Прослеживается также определенная связь традиции шутовства с традицией юродства, хотя последнее несло существенно большую духовную, сакральную нагрузку.
В трилогии Александра Дюма «Королева Марго», «Графиня де Монсоро» и «Сорок пять» выступает придворный шут короля Генриха III Шико — чрезвычайно умный и благородный человек.
Но исследователи склоняются к тому, что сакральный смысл шутовства все же уходит корнями в язычество, и шуты являются не сумасшедшими, а пифиями, пророками, хранителями тайных знаний.

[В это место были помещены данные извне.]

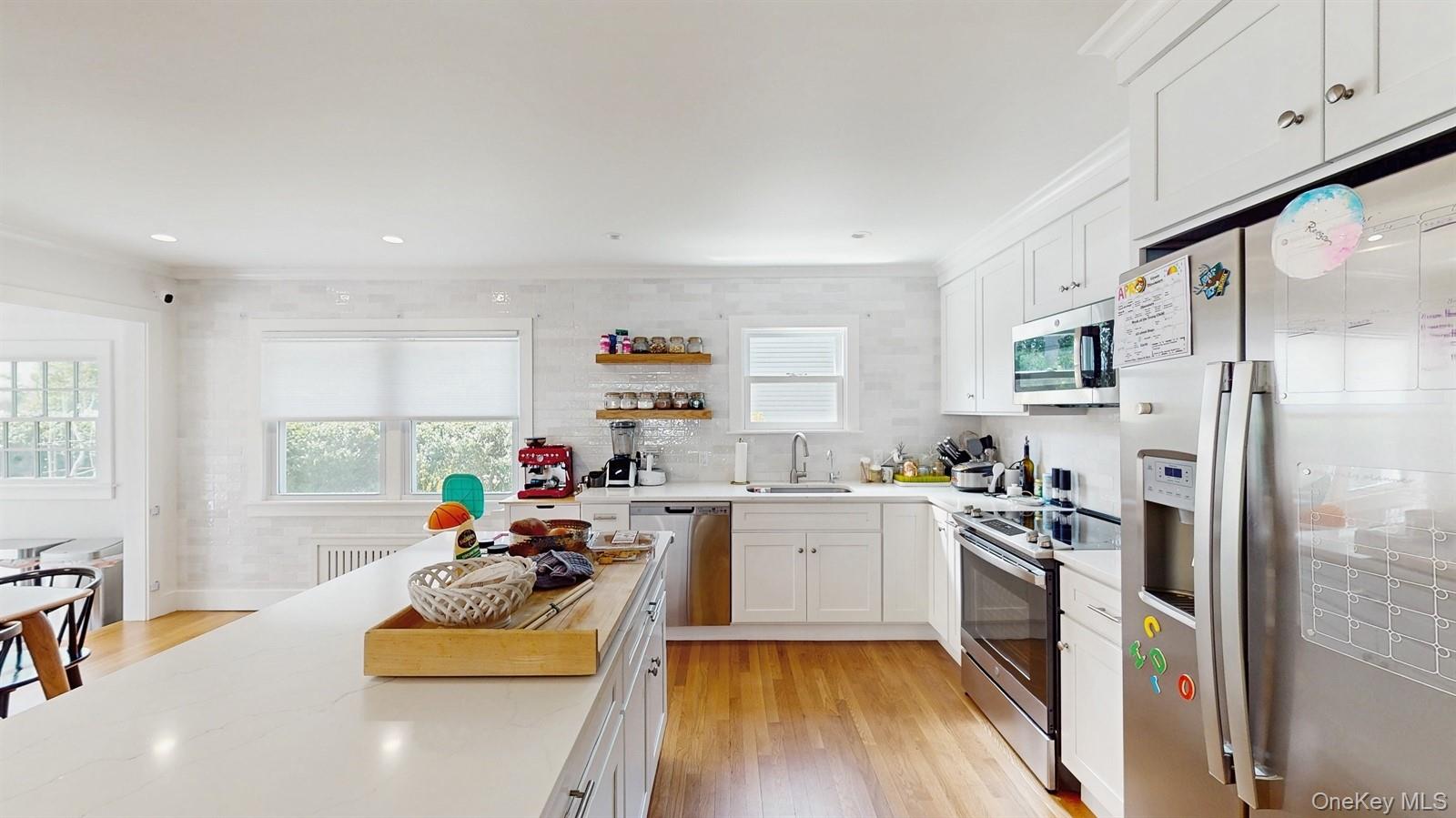 170 Wetherill Road Garden City, NY 11530 - Photo 10 of 23 Kitchen with a sink, white cabinets, appliances with stainless steel finishes, and a healthy amount of sunlight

И тому множество примеров, в том числе и не из европейской истории и литературы. В исламе шутом назывался Ходжа Насреддин — редкий хитрец и пройдоха. А в литературе шут, зачастую, выступает в роли провидца или человека, так или иначе заставляющего главного героя обратить внимание на то, что до этого казалось неважным. А в гетевском «Фаусте» в роли королевского шута выступает сам Мефистофель.
Шутки шутов
При дворе людовика VI толстого состоял в шутах деревенский дурачок Корот. Этому полу-нормальному хулигану очень нравилось дразнить пажей в присутствии дам. И однажды их терпение лопнуло. они решили проучить нахала. А так как трогать его категорически запрещалось под страхом смерти, они просто прибили ему ухо к столбику одного из парковых навесов.
Взбешенный король устроил расследование, которое состояло в том, что пажи, выстроившись шеренгой, должны были либо признаться, либо отрицать участие в проделке, а шут, следующий за королем вдоль строя, должен был их опознавать. Каждый из пажей громко клялся честью и верностью:
— Государь, меня там не было!... — Когда они дошли до последнего, король вопросительно посмотрел на шута, а тот, уже забыв за чем они собственно собрались, вытянулся в струнку и громко выкрикнул:
— Да там вообще никого не было. И меня в том числе.
После чего пажей отпустили. А Корот поскакал по своим шутовским делам, чтобы другие пажи прибили ему еще одно ухо.
При дворе Генриха III хулиганил в свое удовольствие Шикот дворянин, таким образом скрывавшийся от своих гонителей герцогов майенских... Имел он два несомненных преимущества: он был остроумен и он был мужчина.